Captioned web images:
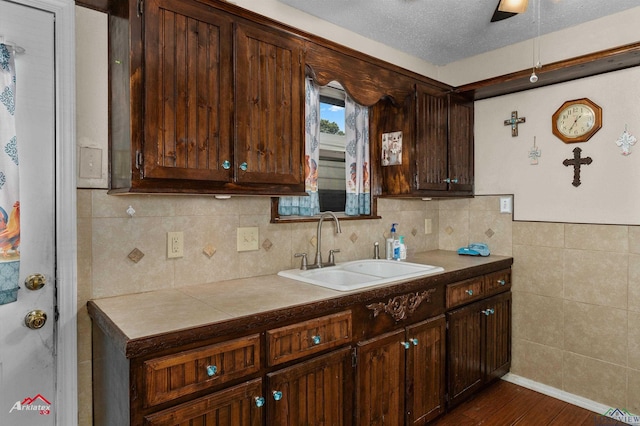 kitchen with ceiling fan, sink, dark hardwood / wood-style flooring, a textured ceiling, and dark brown cabinets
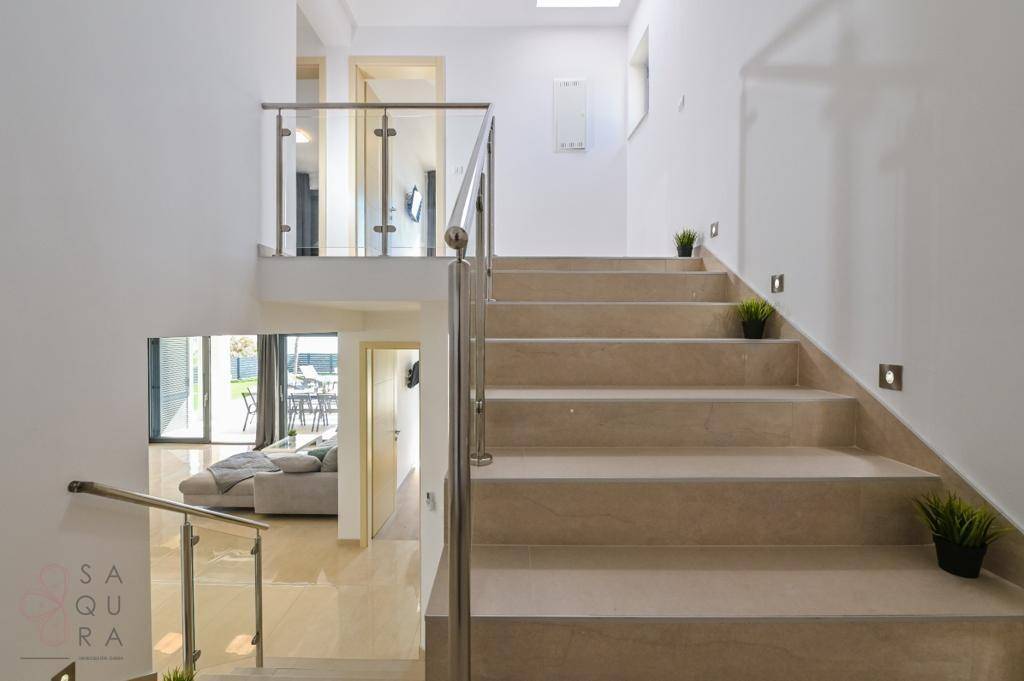Moderne Treppe mit Glasgeländer und Fliesenstufen, die die Etagen stilvoll verbindet.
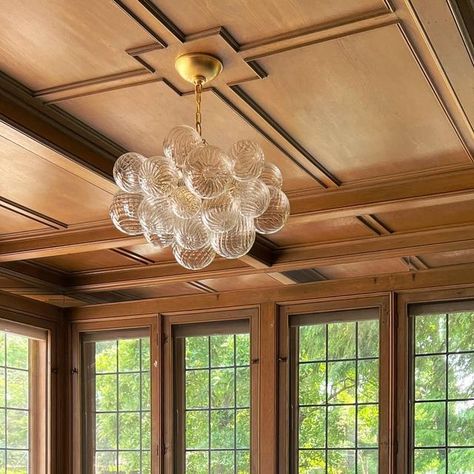 Visual Comfort & Co. on Instagram: "Hanging from a coffered ceiling, our Talia Small Chandelier by Julie Neill adds a whimsical flourish to this backyard-facing space designed by @sandedesigns. The playful fixture's swirled glass globes create contrast with the room's gorgeous wooden elements and traditional furnishings." Talia Small Chandelier, Retro Chandelier, Small Chandelier, Glass Globes, Conference Center, Coffered Ceiling, Glass Ceiling, Glass Globe, Visual Comfort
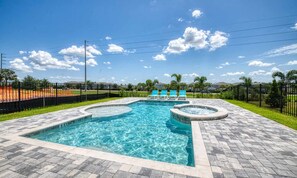 A rectangular swimming pool with a hot tub, surrounded by a paved deck and a black fence. - Marvelous Villa With Galactic Themed Bedroom at Encore (Kissimmee)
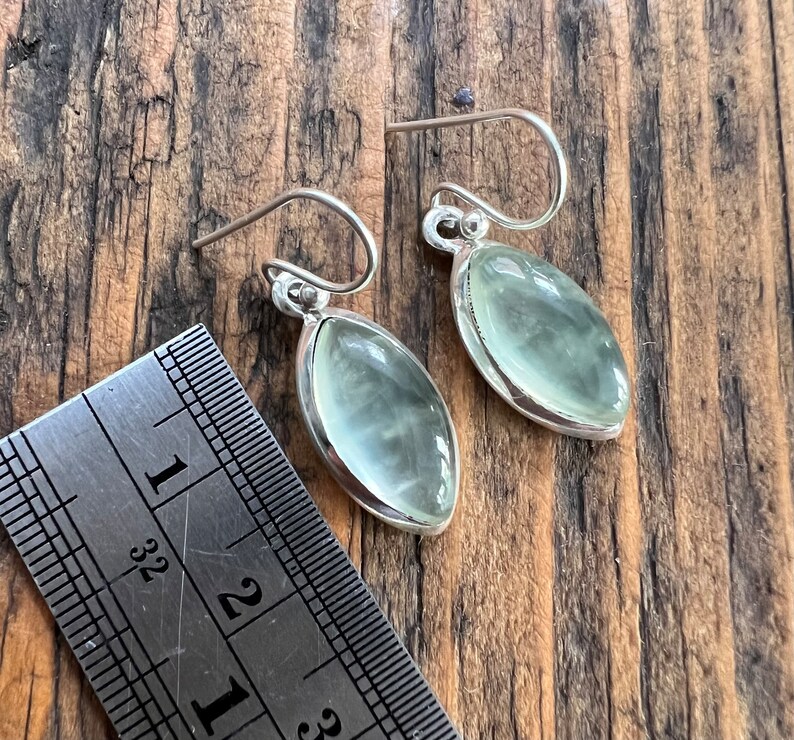 Puede incluir: Un par de pendientes de plata con piedras ovaladas de color verde claro. Los pendientes miden aproximadamente 2,5 cm de largo.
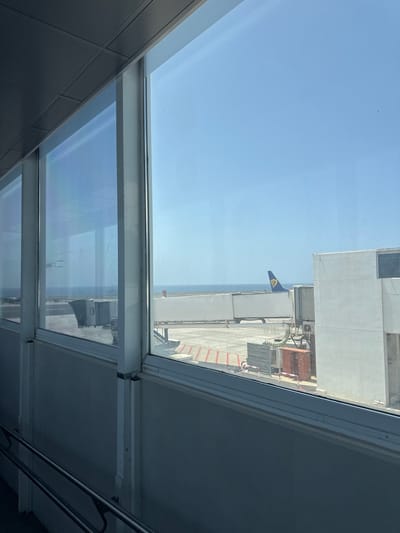 The image depicts a view from inside a building, likely an airport terminal in San Bartolomé, Spain. Through a window, a section of the airport apron can be seen on a sunny day. A blue and yellow flag is visible on a nearby building. The sky is clear and blue. Inside the building, there are visible architectural details such as window frames and interior walls.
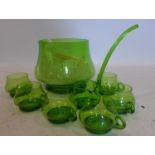 A mid-century, hand-blown green glass punch bowl with matching ladle and 6 glasses, Punch bowl: 19.5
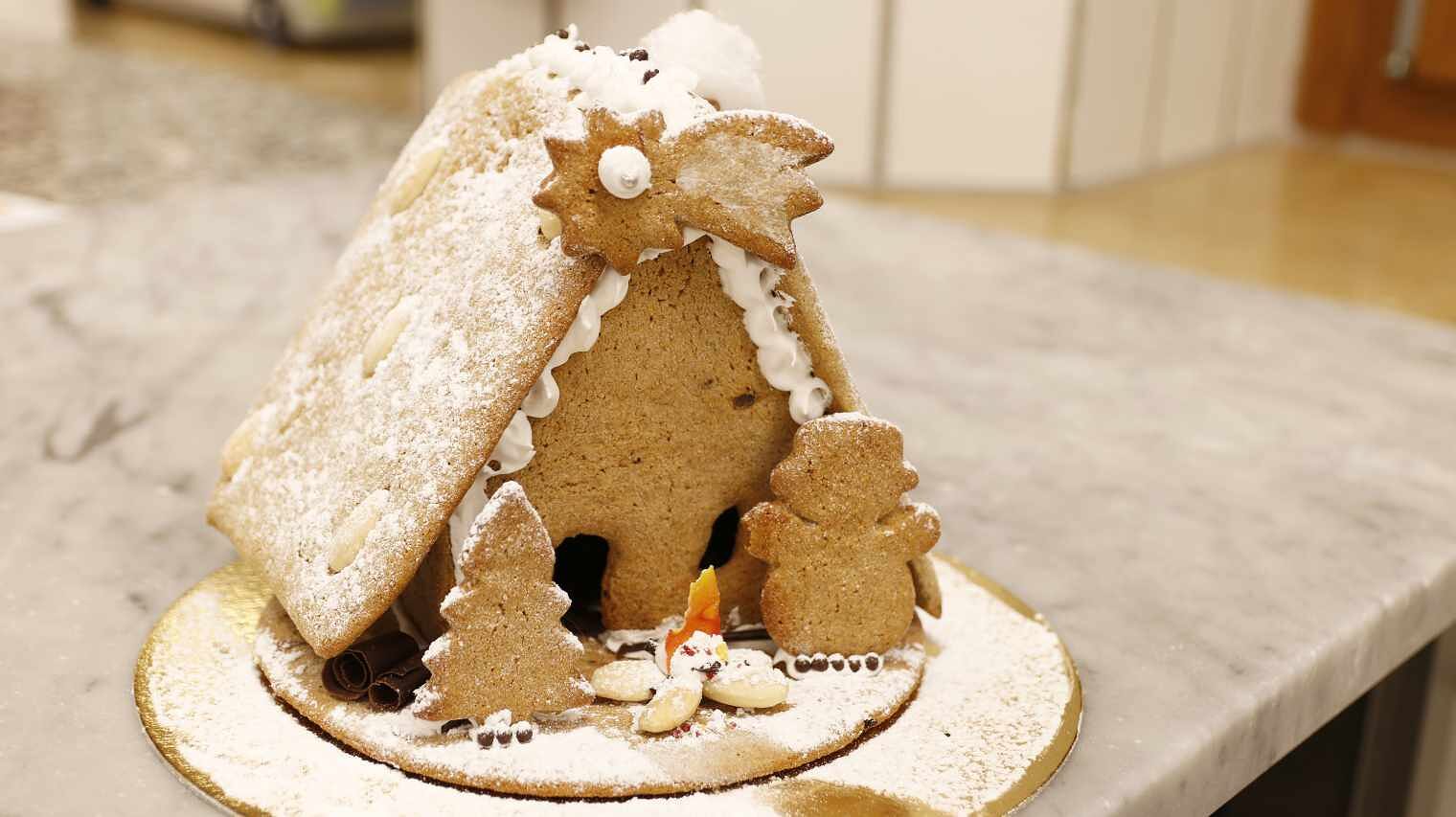 fertiges Lebkuchenhaus auf einer Tischplatte mit gezuckertem Dach, Stern am Giebel, Bäumen und Lagerstelle vor dem Haus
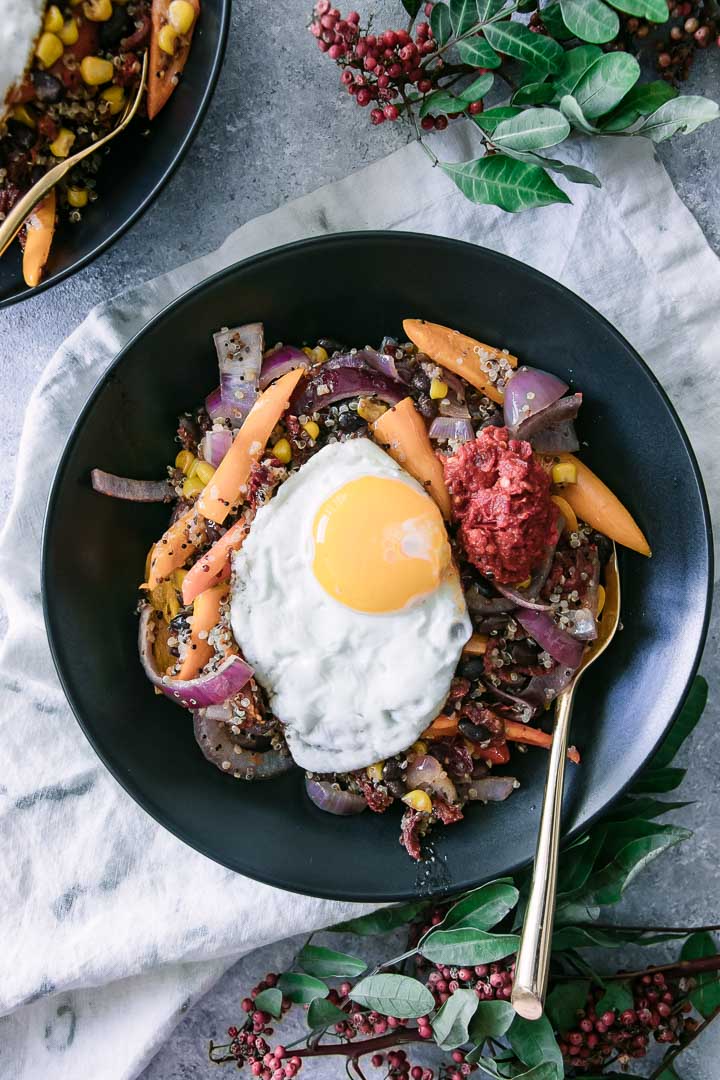 black beans, quinoa, bell peppers, onion, corn, and spicy harissa with an egg on top in a black bowl
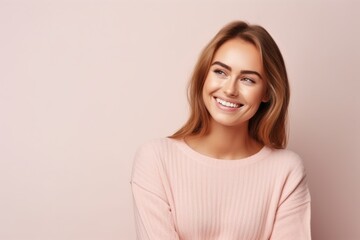 Portrait of a beautiful young woman smiling at camera on a pink background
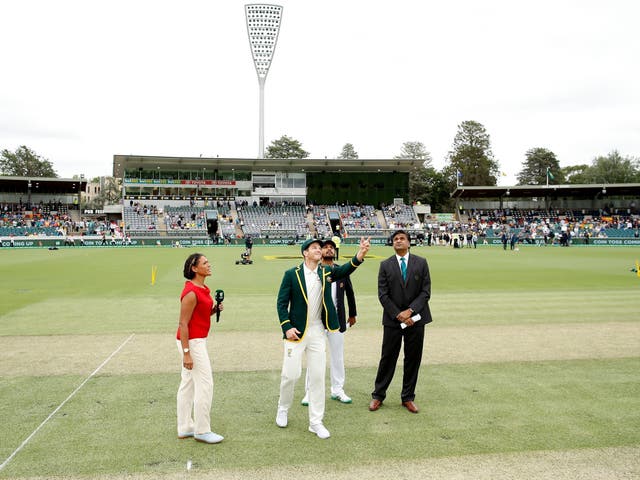 Tim Paine tosses the coin before the Canberra Test match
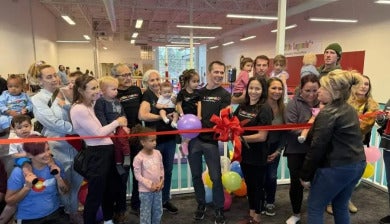Surrounded by supporters, Jessica Lopez cuts a big red ribbon on her new business, Little Legends Athletics.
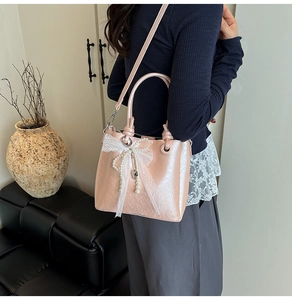 Détail d'un sac seau rose avec nœud en dentelle, perle et texture PU brillante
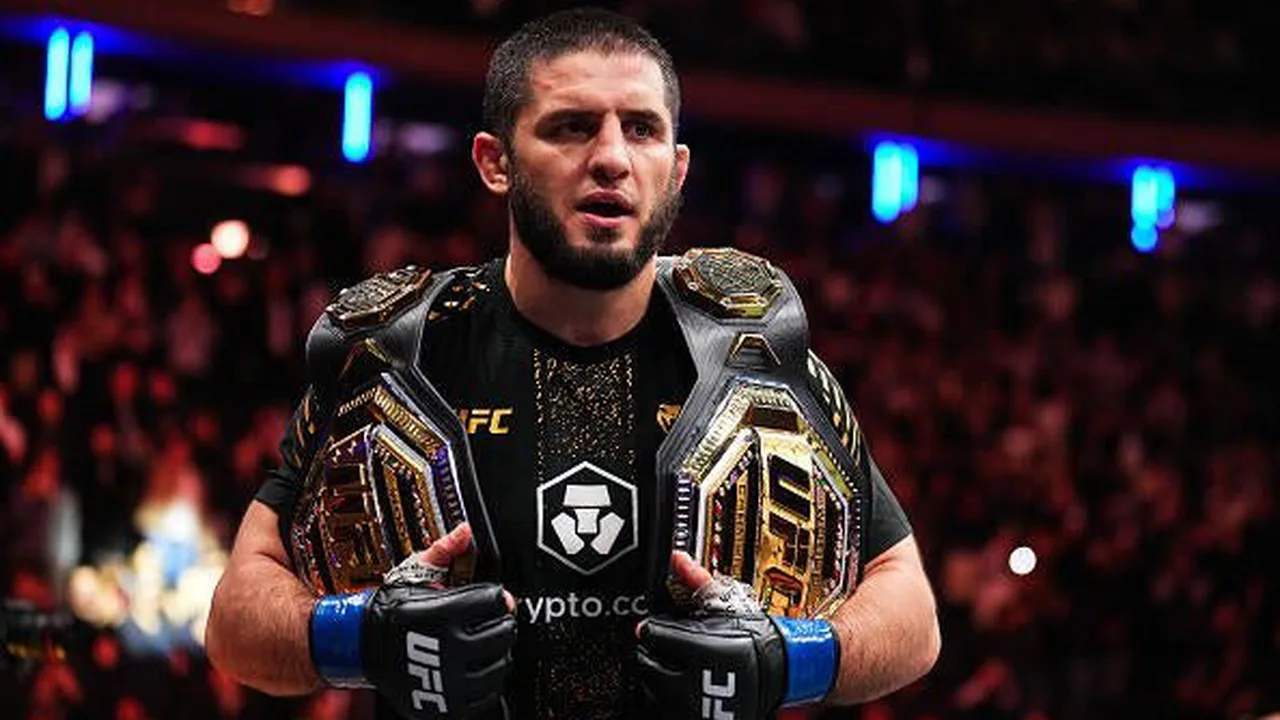 Alex Pereira com cinturão do UFC levantado após nocaute, dentro do octógono iluminado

Instructions to follow | Write out exactly the lines above between the one with "A rectangular swimming" and the one with "Puede incluir: Un", inclusive, with pictures left out.

Exercise result |
 A rectangular swimming pool with a hot tub, surrounded by a paved deck and a black fence. - Marvelous Villa With Galactic Themed Bedroom at Encore (Kissimmee)
 Puede incluir: Un par de pendientes de plata con piedras ovaladas de color verde claro. Los pendientes miden aproximadamente 2,5 cm de largo.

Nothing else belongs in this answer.